Arama yapmak için lütfen yukarıdaki kutulardan birine aramak istediğiniz terimi girin.

Prof. Dr. Erol CİHAN Özgeçmiş

Prof. Dr. Erol CİHAN, 1933 yılında Edirne’de doğmuştur. İlk, orta ve lise öğrenimini Edirne’de tamamlamıştır. 1958’de İstanbul Hukuk Fakültesi’ndeki hukuk öğrenimini pekiyi derece ile tamamlamış ve aynı yıl İstanbul Hukuk Fakültesi Ceza ve Ceza Muhakemesi Hukuku Kürsüsü’ne asistan olarak atanmıştır. Dönemin ve Türk ceza hukukunun duayen hocaları Ord. Prof. Dr. Dr. Sulhi DÖNMEZER, Prof. Dr. Nurullah KUNTER, Prof. Dr. Sahir ERMAN’ın yanında yetişmiş, onlardan feyz almıştır.

1965 yılında “Ceza Muhakemesi Hukukunda Sanığın Sorgusu” adlı teziyle hukuk doktoru, 1971 yılında “Ceza Hukukunda Fiili Hata” adlı tezi ve diğer çalışmalarıyla ceza hukuku doçenti, 1977 yılında ise “Cebir Kullanma Cürmü” başlıklı profesörlük takdim tezi ve diğer çalışmalarıyla ceza hukuku profesörü unvanını almıştır.
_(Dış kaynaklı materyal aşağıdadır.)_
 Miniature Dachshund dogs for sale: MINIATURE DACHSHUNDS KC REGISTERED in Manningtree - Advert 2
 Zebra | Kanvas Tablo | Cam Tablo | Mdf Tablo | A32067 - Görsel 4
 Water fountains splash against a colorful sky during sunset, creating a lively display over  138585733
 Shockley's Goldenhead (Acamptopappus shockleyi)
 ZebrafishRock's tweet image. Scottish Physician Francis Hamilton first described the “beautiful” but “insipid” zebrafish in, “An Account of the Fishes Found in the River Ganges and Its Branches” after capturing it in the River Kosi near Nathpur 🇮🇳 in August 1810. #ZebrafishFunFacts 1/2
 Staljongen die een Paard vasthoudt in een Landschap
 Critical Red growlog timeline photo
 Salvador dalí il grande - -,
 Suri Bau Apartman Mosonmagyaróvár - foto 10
İstanbul Hukuk Fakültesi’nde yaş haddinden emekli olana dek, ceza hukuku genel hükümler, ceza hukuku özel hükümler, ceza muhakemesi hukuku, Türk dili, İnkılap Tarihi derslerini kırkiki yıldan uzun bir süre boyunca vermiştir. Prof. Dr. Erol CİHAN, öğretim üyeliğinin yanında, üniversitede birçok idari görevde de bulunmuştur. Bunlardan bazıları Ceza Hukuku ve Kriminoloji Enstitüsü Müdürlüğü, Senatörlük, Atatürk İlkeleri ve İnkılap Tarihi Enstitüsü Müdürlüğü’dür. Öğretim üyeliğinin yanında, özellikle 90’lı yıllardan itibaren avukatlık da yapmış ve önemli ceza davalarında görev yapmıştır. Ancak bunu yaparken de, hiçbir zaman bilim insanı sorumluluğunu unutmamış ve bir gün dahi kutsal saydığı bilim insanlığı, öğretim üyeliği görevini ihmal etmemiştir. Ceza hukuku hocalığının yanında, Ulu önder Gazi Mustafa Kemal Atatürk’e minnet borcunu ödemek için, yıllarca Türk İnkılap Tarihi dersleri vermiş, İnkılap Tarihi Enstitüsü Müdürlüğü yapmış, ve sadece İnkılap Tarihi alanında 70’i aşkın yüksek lisans ve doktora tezine danışmanlık yaparak, ulaşılması güç bir rekora imza atmıştır. Ceza hukuku ve İnkılap Tarihi alanında birçok bilimsel eser vermiş, ulusal ve uluslararası toplantıya katılmıştır, yıllarca bilirkişilik yapmıştır. Birçok sivil toplum kuruluşunda kurucu ve yönetici olarak görev yapmıştır. Özellikle Türk Ceza Hukuku Derneği’nin, Mustafa Kemal Derneği’nin kuruluş ve işleyişinde çok ciddi emek vermiştir.